Exercise brief »
Please return the lines below verbatim, beginning at the one that has "Villa Åndalsnes Buitenkant foto" and stopping after the one that has "6 Alice St, Jindabyne, NSW 2627", and add no other lines.

Raw data »
%%
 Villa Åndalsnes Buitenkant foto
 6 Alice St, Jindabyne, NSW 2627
%%
%%
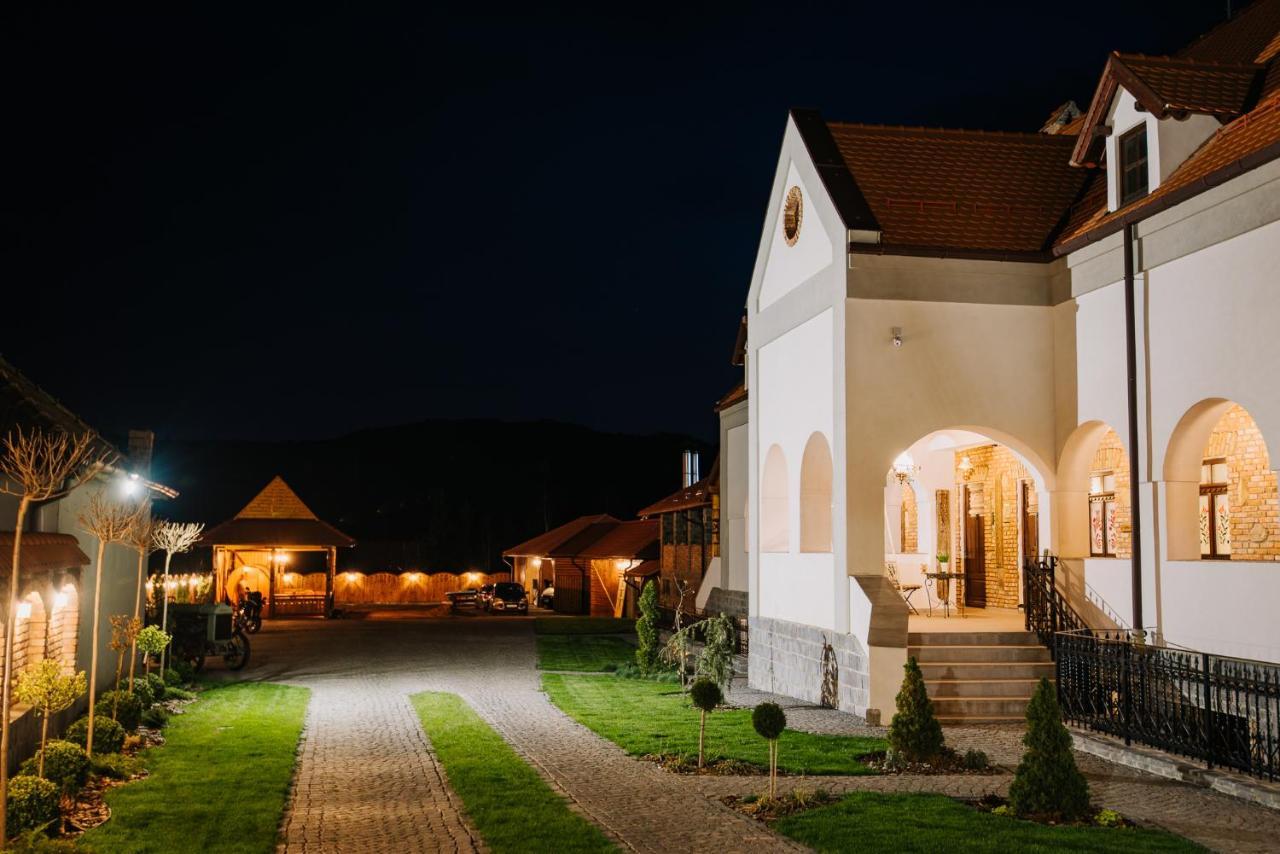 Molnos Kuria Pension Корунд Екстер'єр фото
%%
Written solution »
 Villa Åndalsnes Buitenkant foto
 6 Alice St, Jindabyne, NSW 2627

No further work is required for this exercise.